- [Exercise objective]:
Transcribe the whole listing below without changing a word, but leave out every image.

- [Source material]:
——
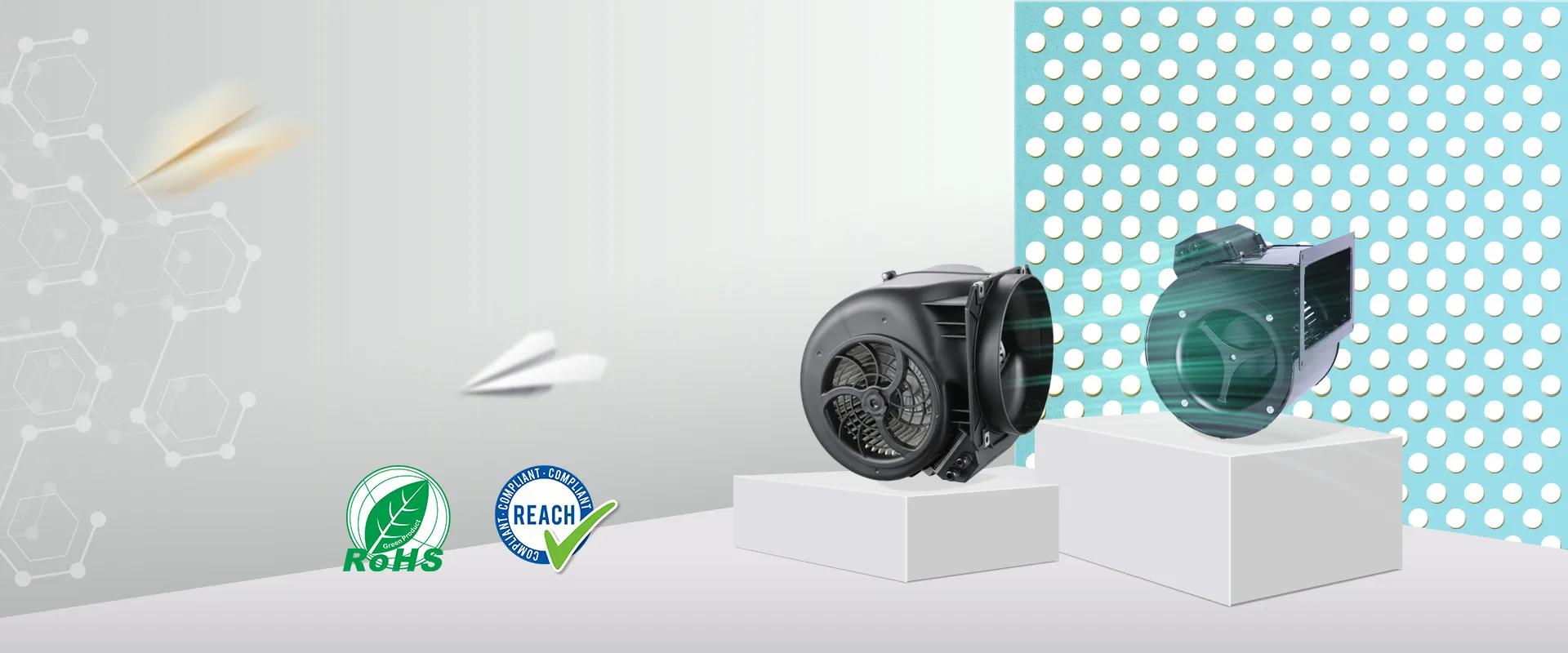 앞으로 곡선 원심 팬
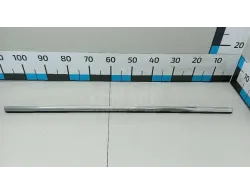 Накладка стекла заднего левого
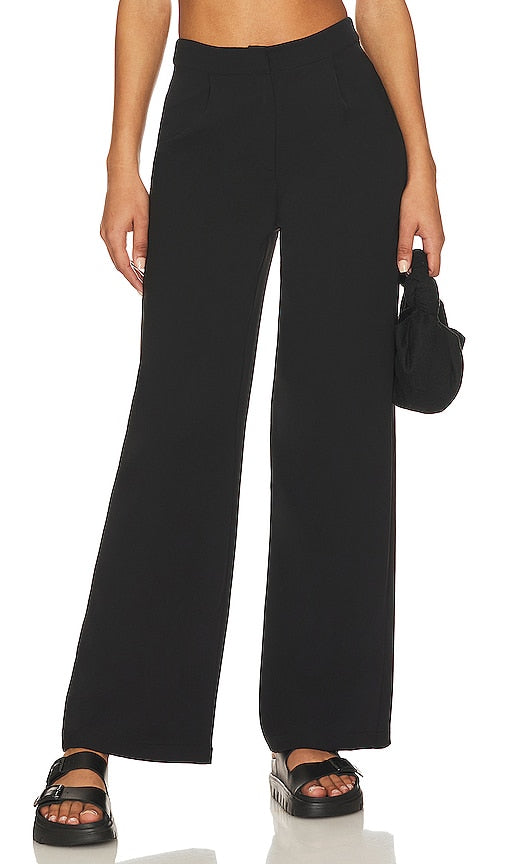 MORE TO COME Irena Wide Leg Pant in Black - PLUS À VENIR Pantalon large Irena en noir - 更多即将推出 Irena 黑色阔腿裤 - Es folgen noch weitere Irena-Hose mit weitem Bein in Schwarz - Irena 와이드 레그 팬츠 블랙 색상 - ALTRI IN ARRIVO Pantaloni Irena a gamba larga in nero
——
- [Solution below]:
 앞으로 곡선 원심 팬
 Накладка стекла заднего левого
 MORE TO COME Irena Wide Leg Pant in Black - PLUS À VENIR Pantalon large Irena en noir - 更多即将推出 Irena 黑色阔腿裤 - Es folgen noch weitere Irena-Hose mit weitem Bein in Schwarz - Irena 와이드 레그 팬츠 블랙 색상 - ALTRI IN ARRIVO Pantaloni Irena a gamba larga in nero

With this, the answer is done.